The problem — A word-for-word copy of the data is what's wanted, with no pictures.

Given data —
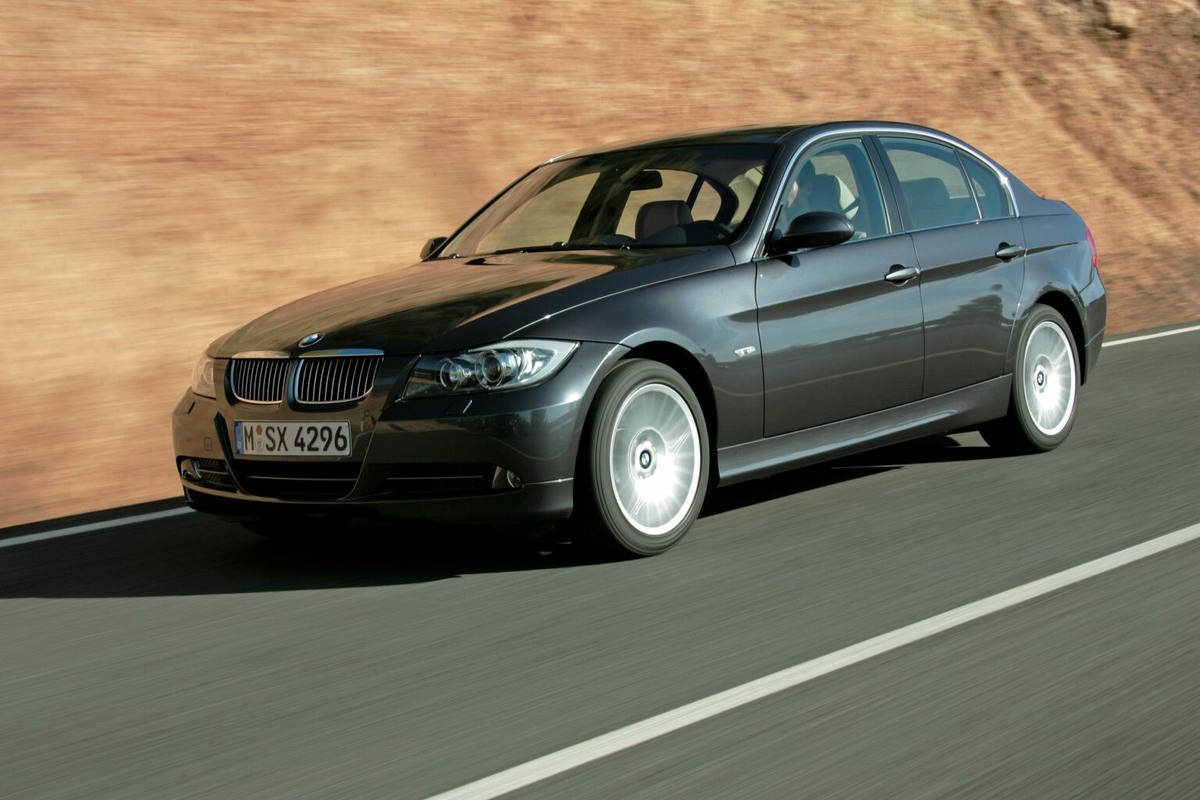 

Самому раннему экземпляру BMW 3 Series в кузове E90, который можно купить сегодня, уже больше двадцати лет. Дебют модели состоялся в 2005 году, и формально во многих странах она ещё не считается классическим автомобилем, но уверенно движется в этом направлении. Это также означает, что пока ещё есть время найти хороший экземпляр до того, как модель начнут официально признавать классикой — вместе с соответствующим ростом цен.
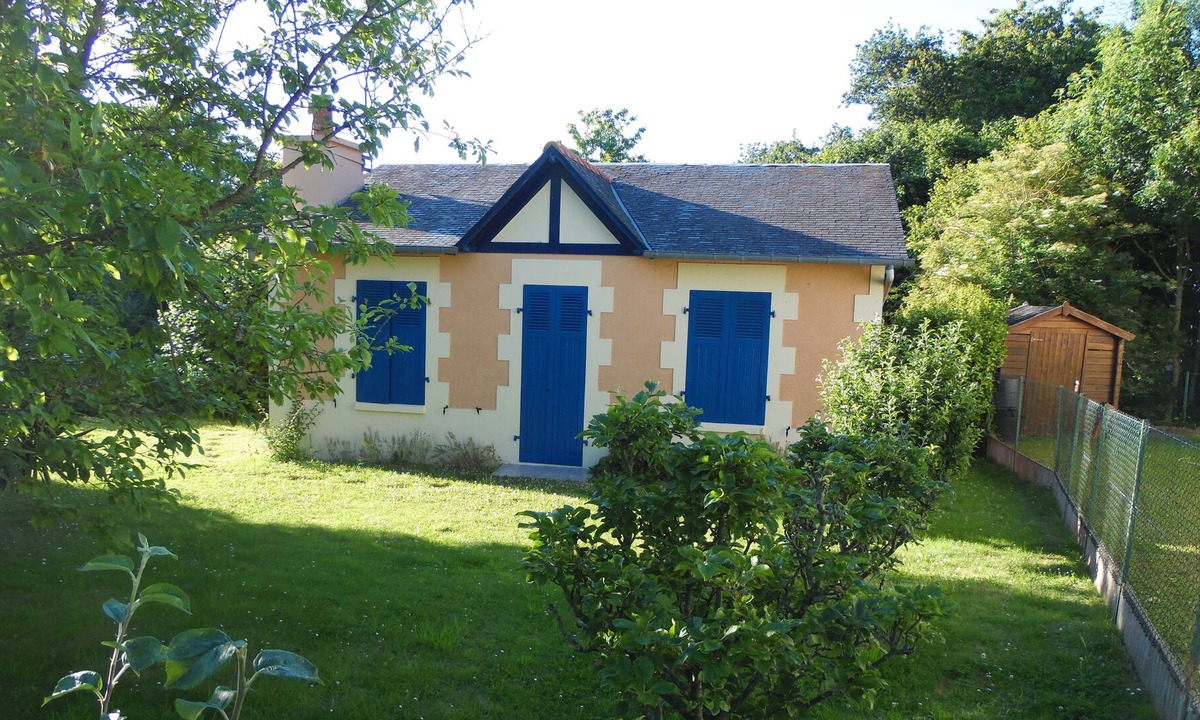 Matignon House | The little house in meadow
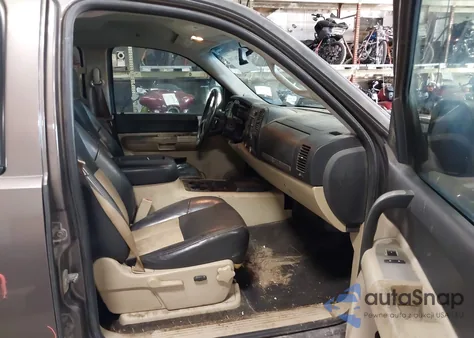 2007 Chevrolet Silverado 1500 Lt2 z USA, uszkodzony, nr VIN 2GCEK13M971657981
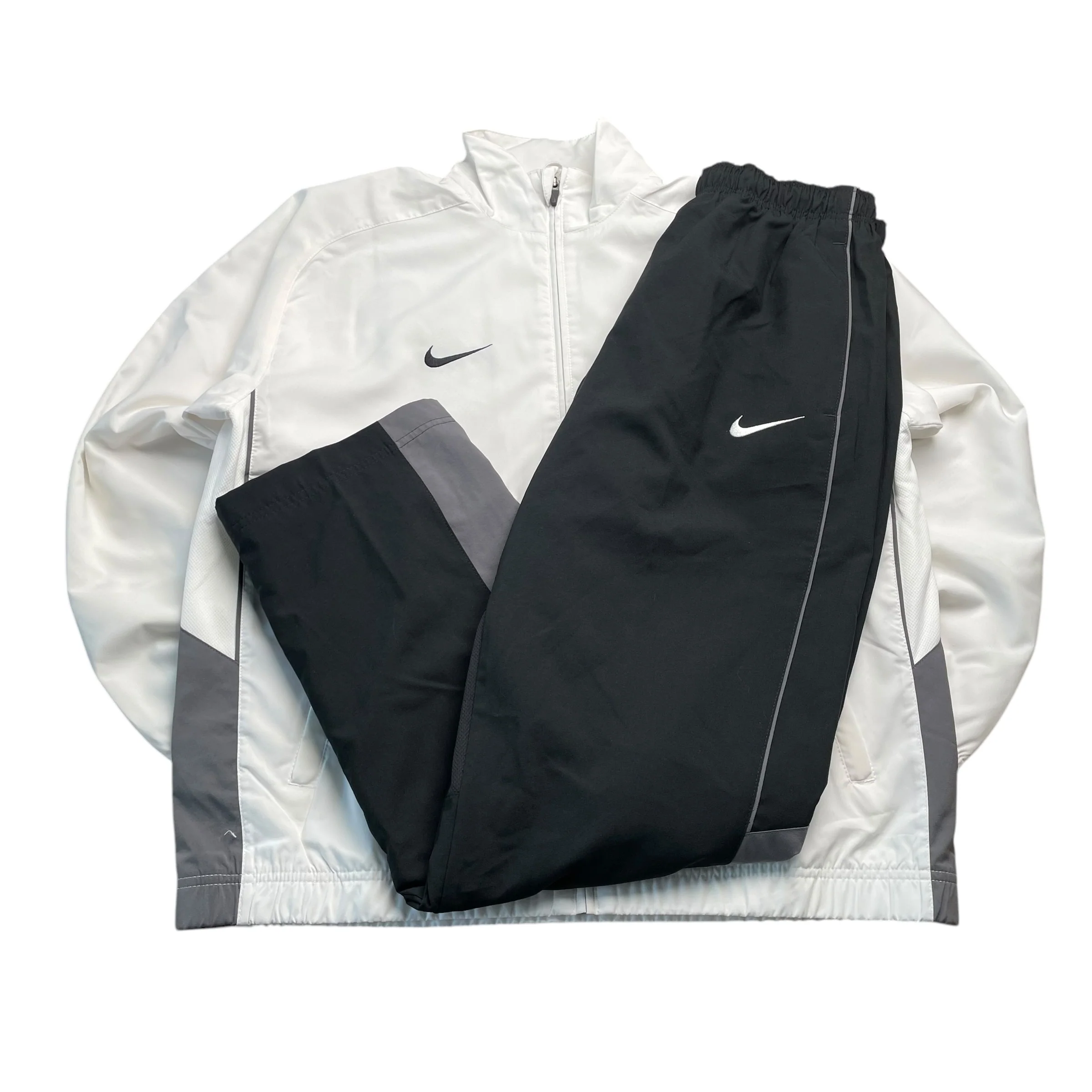 NK Tracksuit (M)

Problem solution —
Самому раннему экземпляру BMW 3 Series в кузове E90, который можно купить сегодня, уже больше двадцати лет. Дебют модели состоялся в 2005 году, и формально во многих странах она ещё не считается классическим автомобилем, но уверенно движется в этом направлении. Это также означает, что пока ещё есть время найти хороший экземпляр до того, как модель начнут официально признавать классикой — вместе с соответствующим ростом цен.
 Matignon House | The little house in meadow
 2007 Chevrolet Silverado 1500 Lt2 z USA, uszkodzony, nr VIN 2GCEK13M971657981
 NK Tracksuit (M)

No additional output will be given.